Él agachó la cabeza.

EL PRÓXIMO PESO
Hace un mes, Jorge Carinao sintió más cerca que nunca el fin de su carrera. Era su último tiro. Se lo habían dicho antes de viajar, en una reunión con su entrenador y los dirigentes: su rendimiento había bajado progresivamente desde el récord de Rusia -del octavo puesto mundial al 17-, y lo achacaban a falta de disciplina. Después de ocultar una herida por meses, y perderse dos competencias en que era carta ganadora, no tenía cómo defenderse. Entendió que el torneo en Bogotá el 11 de junio era su última oportunidad.

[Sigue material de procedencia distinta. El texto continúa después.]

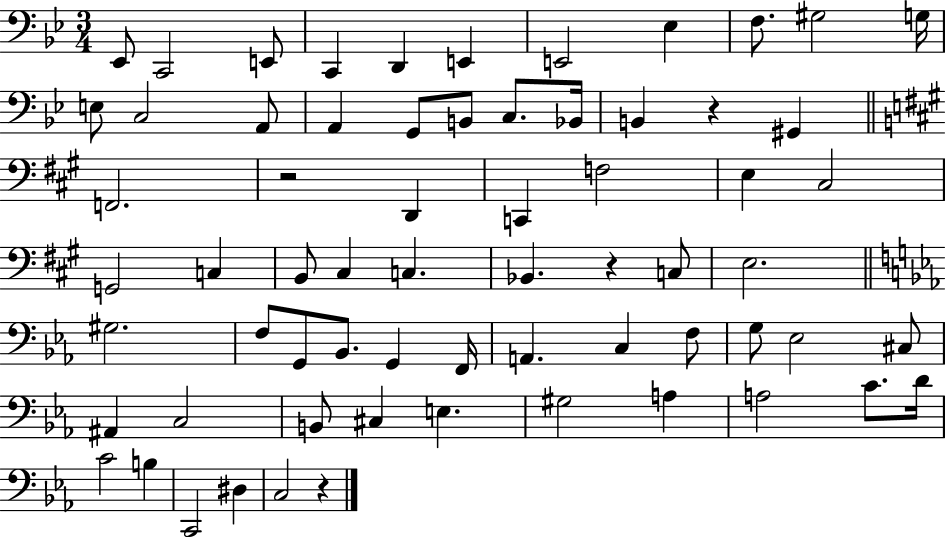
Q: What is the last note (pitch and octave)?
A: C3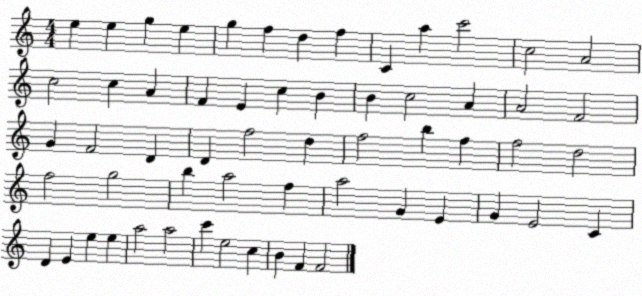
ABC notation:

X:1
T:Untitled
M:4/4
L:1/4
K:C
e e g e g f d f C a c'2 c2 A2 c2 c A F E c B B c2 A A2 F2 G F2 D D f2 d f2 b f f2 d2 f2 g2 b a2 f a2 G E G E2 C D E e e a2 a2 c' e2 c B F F2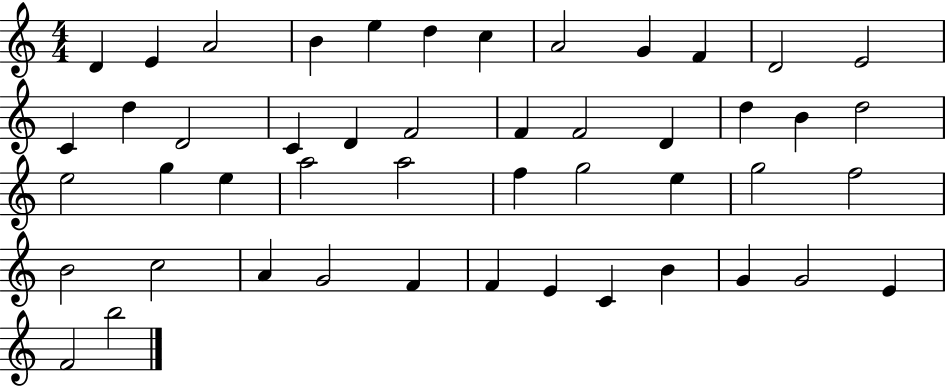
X:1
T:Untitled
M:4/4
L:1/4
K:C
D E A2 B e d c A2 G F D2 E2 C d D2 C D F2 F F2 D d B d2 e2 g e a2 a2 f g2 e g2 f2 B2 c2 A G2 F F E C B G G2 E F2 b2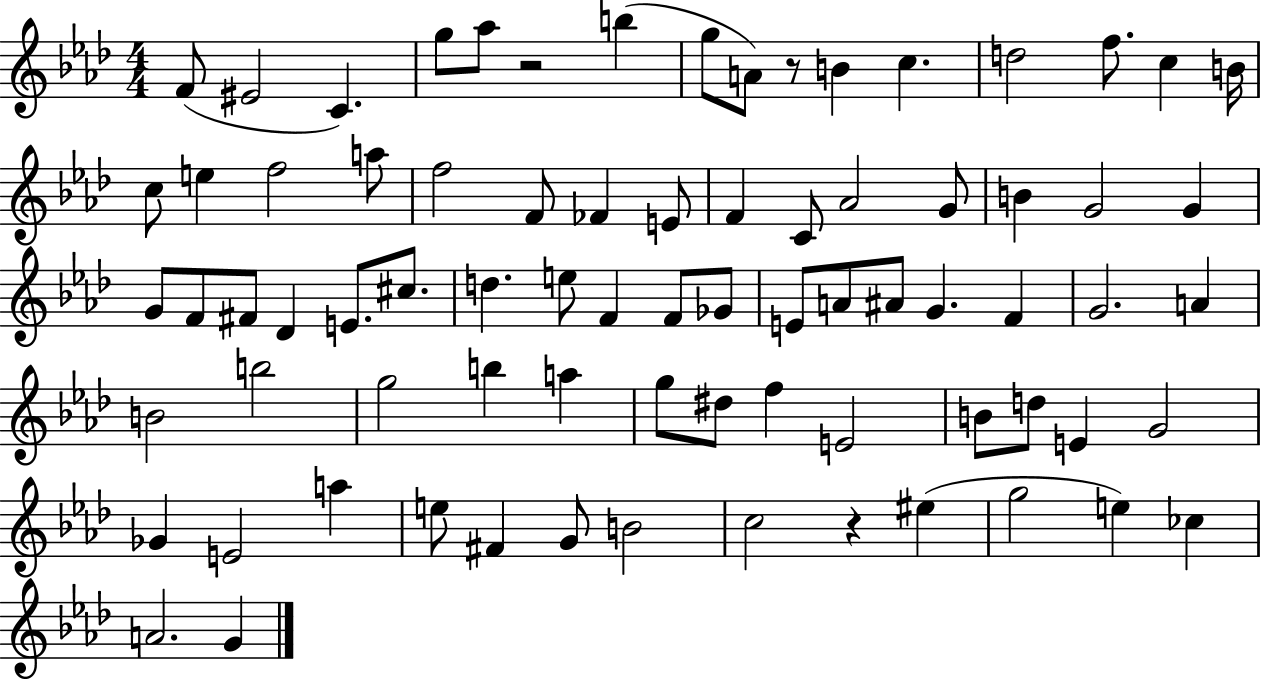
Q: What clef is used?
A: treble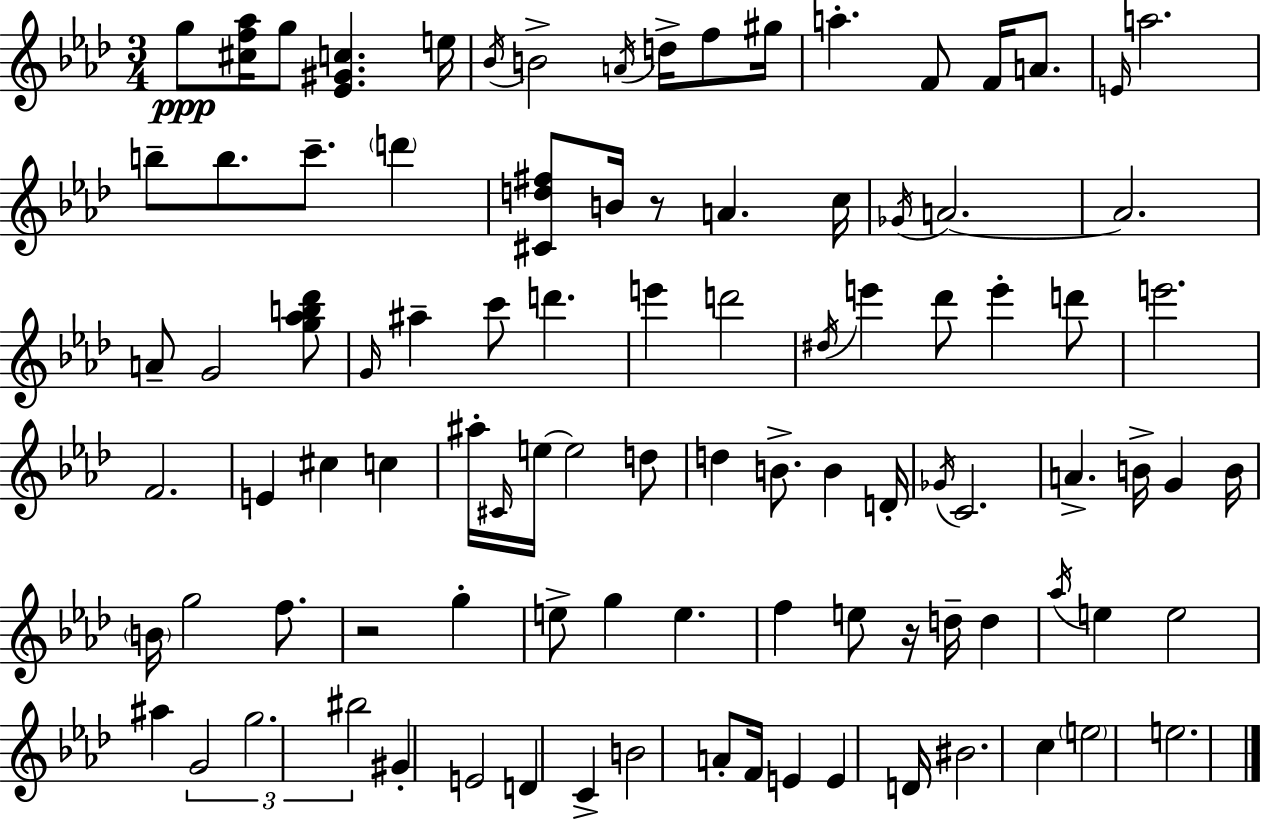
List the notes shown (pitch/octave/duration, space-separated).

G5/e [C#5,F5,Ab5]/s G5/e [Eb4,G#4,C5]/q. E5/s Bb4/s B4/h A4/s D5/s F5/e G#5/s A5/q. F4/e F4/s A4/e. E4/s A5/h. B5/e B5/e. C6/e. D6/q [C#4,D5,F#5]/e B4/s R/e A4/q. C5/s Gb4/s A4/h. A4/h. A4/e G4/h [G5,Ab5,B5,Db6]/e G4/s A#5/q C6/e D6/q. E6/q D6/h D#5/s E6/q Db6/e E6/q D6/e E6/h. F4/h. E4/q C#5/q C5/q A#5/s C#4/s E5/s E5/h D5/e D5/q B4/e. B4/q D4/s Gb4/s C4/h. A4/q. B4/s G4/q B4/s B4/s G5/h F5/e. R/h G5/q E5/e G5/q E5/q. F5/q E5/e R/s D5/s D5/q Ab5/s E5/q E5/h A#5/q G4/h G5/h. BIS5/h G#4/q E4/h D4/q C4/q B4/h A4/e F4/s E4/q E4/q D4/s BIS4/h. C5/q E5/h E5/h.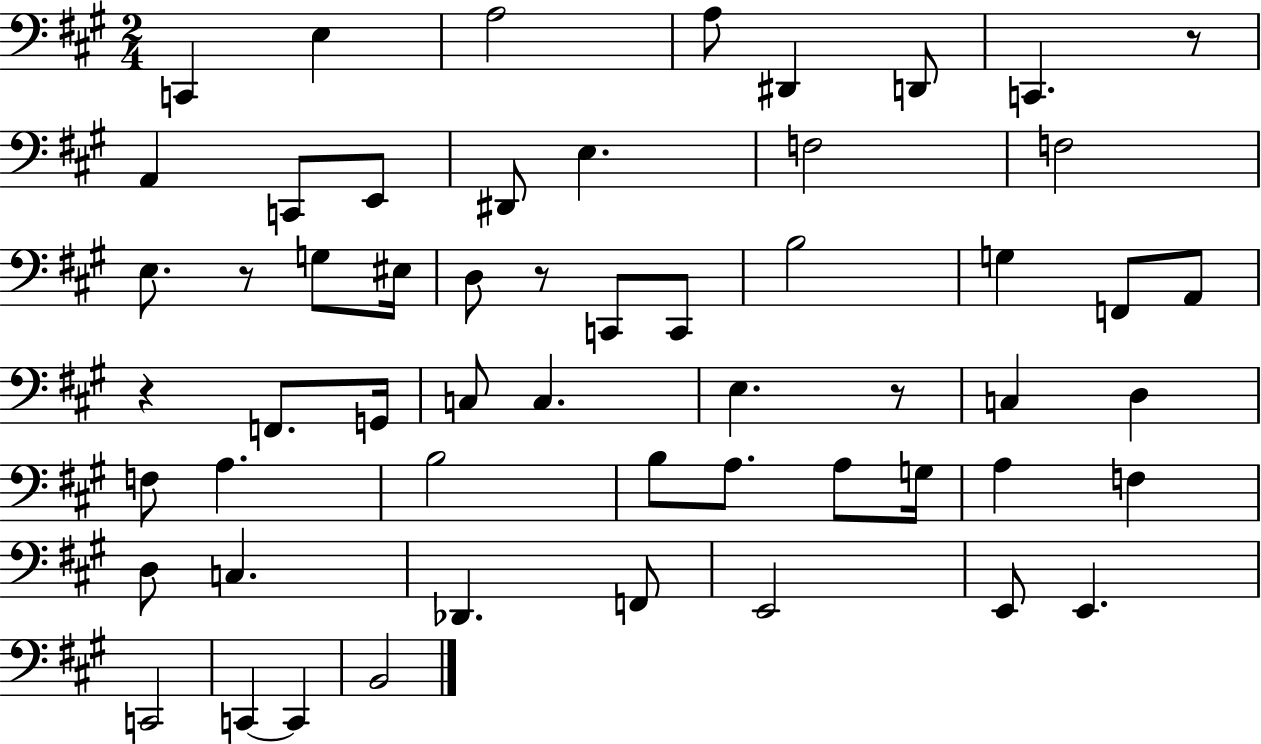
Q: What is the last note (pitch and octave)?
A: B2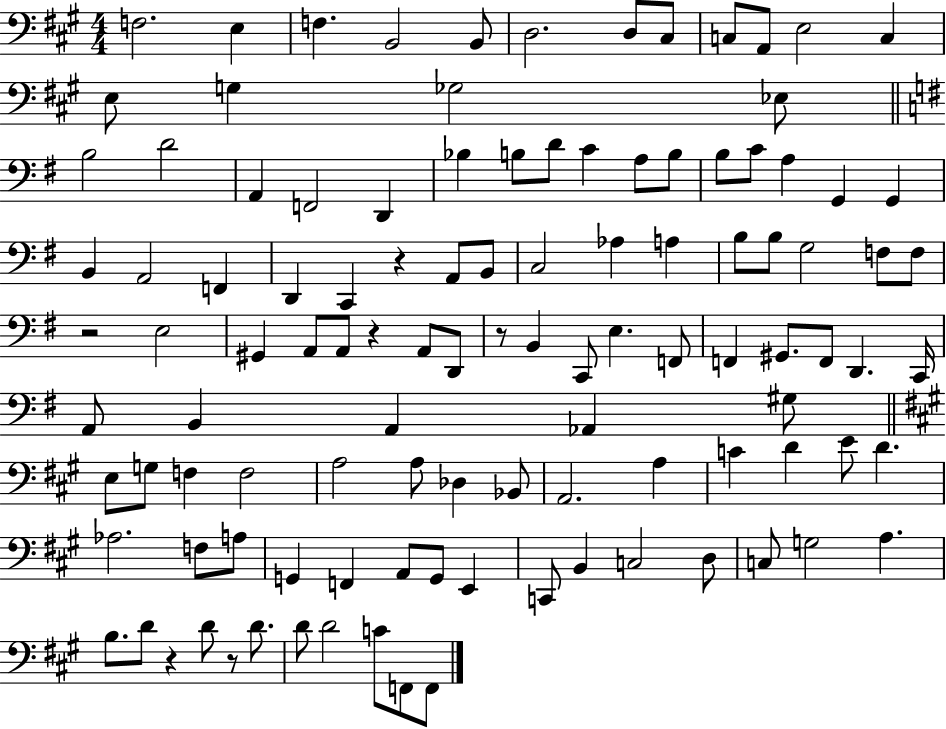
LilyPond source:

{
  \clef bass
  \numericTimeSignature
  \time 4/4
  \key a \major
  f2. e4 | f4. b,2 b,8 | d2. d8 cis8 | c8 a,8 e2 c4 | \break e8 g4 ges2 ees8 | \bar "||" \break \key g \major b2 d'2 | a,4 f,2 d,4 | bes4 b8 d'8 c'4 a8 b8 | b8 c'8 a4 g,4 g,4 | \break b,4 a,2 f,4 | d,4 c,4 r4 a,8 b,8 | c2 aes4 a4 | b8 b8 g2 f8 f8 | \break r2 e2 | gis,4 a,8 a,8 r4 a,8 d,8 | r8 b,4 c,8 e4. f,8 | f,4 gis,8. f,8 d,4. c,16 | \break a,8 b,4 a,4 aes,4 gis8 | \bar "||" \break \key a \major e8 g8 f4 f2 | a2 a8 des4 bes,8 | a,2. a4 | c'4 d'4 e'8 d'4. | \break aes2. f8 a8 | g,4 f,4 a,8 g,8 e,4 | c,8 b,4 c2 d8 | c8 g2 a4. | \break b8. d'8 r4 d'8 r8 d'8. | d'8 d'2 c'8 f,8 f,8 | \bar "|."
}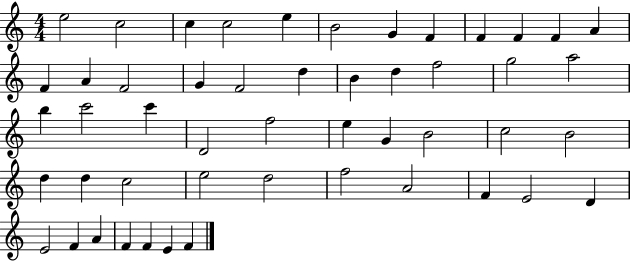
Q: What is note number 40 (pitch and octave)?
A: A4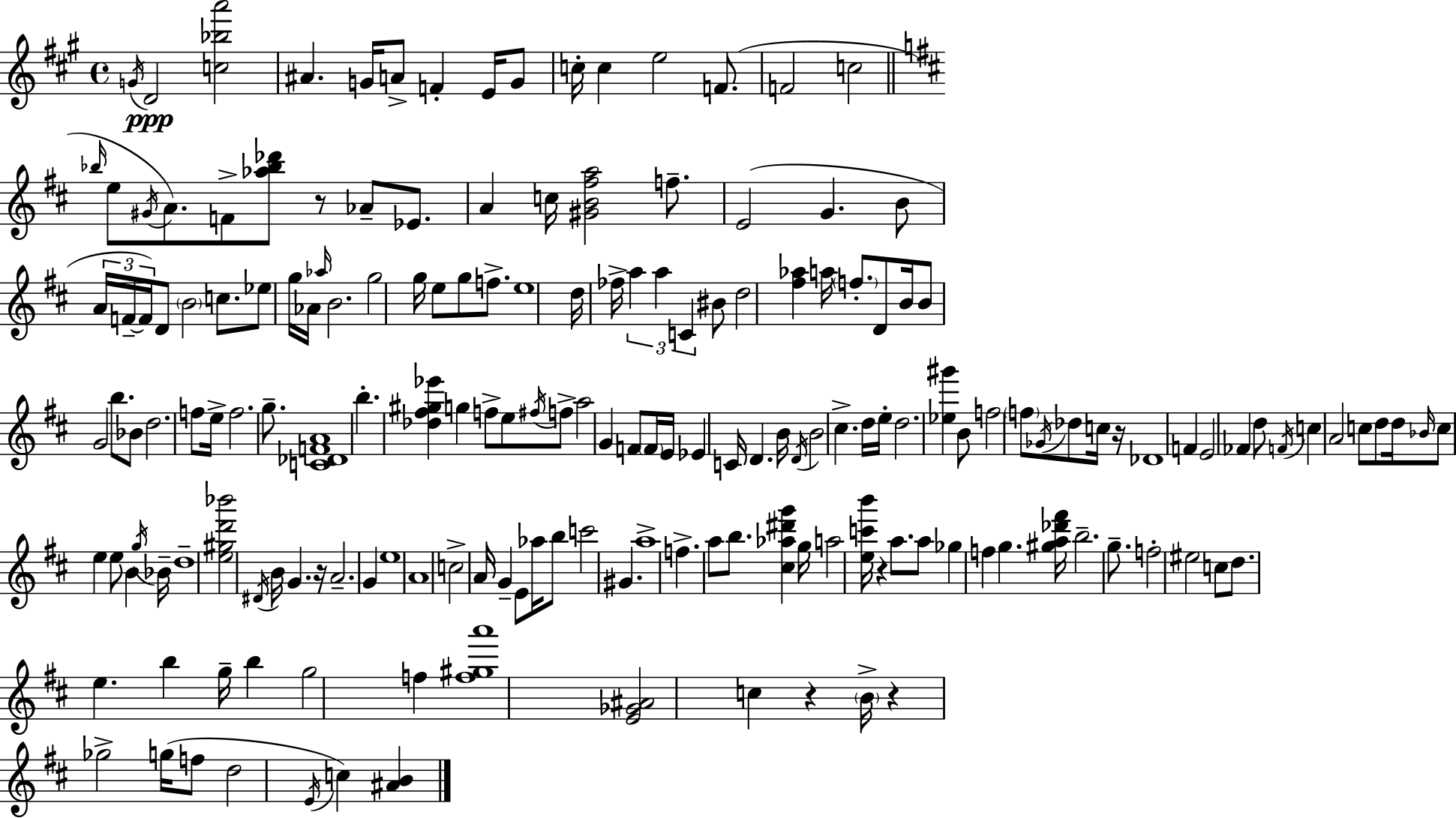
{
  \clef treble
  \time 4/4
  \defaultTimeSignature
  \key a \major
  \acciaccatura { g'16 }\ppp d'2 <c'' bes'' a'''>2 | ais'4. g'16 a'8-> f'4-. e'16 g'8 | c''16-. c''4 e''2 f'8.( | f'2 c''2 | \break \bar "||" \break \key d \major \grace { bes''16 } e''8 \acciaccatura { gis'16 }) a'8. f'8-> <aes'' bes'' des'''>8 r8 aes'8-- ees'8. | a'4 c''16 <gis' b' fis'' a''>2 f''8.-- | e'2( g'4. | b'8 \tuplet 3/2 { a'16 f'16--~~ f'16) } d'8 \parenthesize b'2 c''8. | \break ees''8 g''16 aes'16 \grace { aes''16 } b'2. | g''2 g''16 e''8 g''8 | f''8.-> e''1 | d''16 fes''16-> \tuplet 3/2 { a''4 a''4 c'4 } | \break bis'8 d''2 <fis'' aes''>4 a''16 | \parenthesize f''8.-. d'8 b'16 b'8 g'2 | b''8. bes'8 d''2. | f''8 e''16-> f''2. | \break g''8.-- <c' des' f' a'>1 | b''4.-. <des'' fis'' gis'' ees'''>4 g''4 | f''8-> e''8 \acciaccatura { fis''16 } f''8-> a''2 | g'4 f'8 \parenthesize f'16 e'16 ees'4 c'16 d'4. | \break b'16 \acciaccatura { d'16 } b'2 cis''4.-> | d''16 e''16-. d''2. | <ees'' gis'''>4 b'8 f''2 \parenthesize f''8 | \acciaccatura { ges'16 } des''8 c''16 r16 des'1 | \break f'4 e'2 | fes'4 d''8 \acciaccatura { f'16 } c''4 a'2 | c''8 d''8 d''16 \grace { bes'16 } c''8 e''4 | e''8 b'4 \acciaccatura { g''16 } bes'16-- d''1-- | \break <e'' gis'' d''' bes'''>2 | \acciaccatura { dis'16 } b'16 g'4. r16 a'2.-- | g'4 e''1 | a'1 | \break c''2-> | a'16 g'4-- e'8 aes''16 b''8 c'''2 | gis'4. a''1-> | f''4.-> | \break a''8 b''8. <cis'' aes'' dis''' g'''>4 g''16 a''2 | <e'' c''' b'''>16 r4 a''8. a''8 ges''4 | f''4 g''4. <gis'' a'' des''' fis'''>16 b''2.-- | g''8.-- f''2-. | \break eis''2 c''8 d''8. e''4. | b''4 g''16-- b''4 g''2 | f''4 <f'' gis'' a'''>1 | <e' ges' ais'>2 | \break c''4 r4 \parenthesize b'16-> r4 ges''2-> | g''16( f''8 d''2 | \acciaccatura { e'16 }) c''4 <ais' b'>4 \bar "|."
}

Además, un triunfo en esa competencia podía abrirle las puertas a una invitación para los Juegos de Río. Pero lo esperaba otro problema: en la federación habían olvidado enviar el papel que acredita su discapacidad, y, en Colombia, los jueces no lo querían dejar competir. Tuvo que rogarles, hablarles de todo lo que había vivido. Decirles, desesperado, que era el final para él. Lo dejaron pesarse en el último minuto, y ni siquiera pudo comer antes de levantar. Cuando lo llamaron a la pista, apenas podía con los nervios.

Pensaba levantar sobre 140 kilos, pero en el último minuto decidió, por primera vez, no arriesgar todo debajo de una pesa: pidió levantar 128. Al tercer intento levantó 133.  Fue, dice hoy, algo así como una muestra de madurez, de haber aprendido de los golpes.  Volvió a Santiago con el oro y la clasificación a Toronto 2015.

Ahora es de noche, Carinao atraviesa el gimnasio de un CAR casi vacío, y reconoce que antes de Colombia estaba cerca de su límite. Que necesitaba una buena razón para poder seguir creyendo, para no convencerse de que era mejor dejar de insistir.

-Yo no sé si he tenido alegrías en esto, sí muchas frustraciones. Pero quiero terminar lo que empecé. Es difícil que algo logre pararme. Ya me perdí los Odesur, ya me perdí el Mundial. Me perdí todo. Pero siempre hay algo más. Esto ya no es algo que me guste hacer, es otra cosa, un tema de amor propio. No me voy a rendir ahora. Ya volví.

Sólo piensa en Río de Janeiro. No tiene la invitación, y no sabe si llegará. Pero la posibilidad le basta para sentir una vez más, ahora sí, que acaba de empezar su camino hacia el oro olímpico.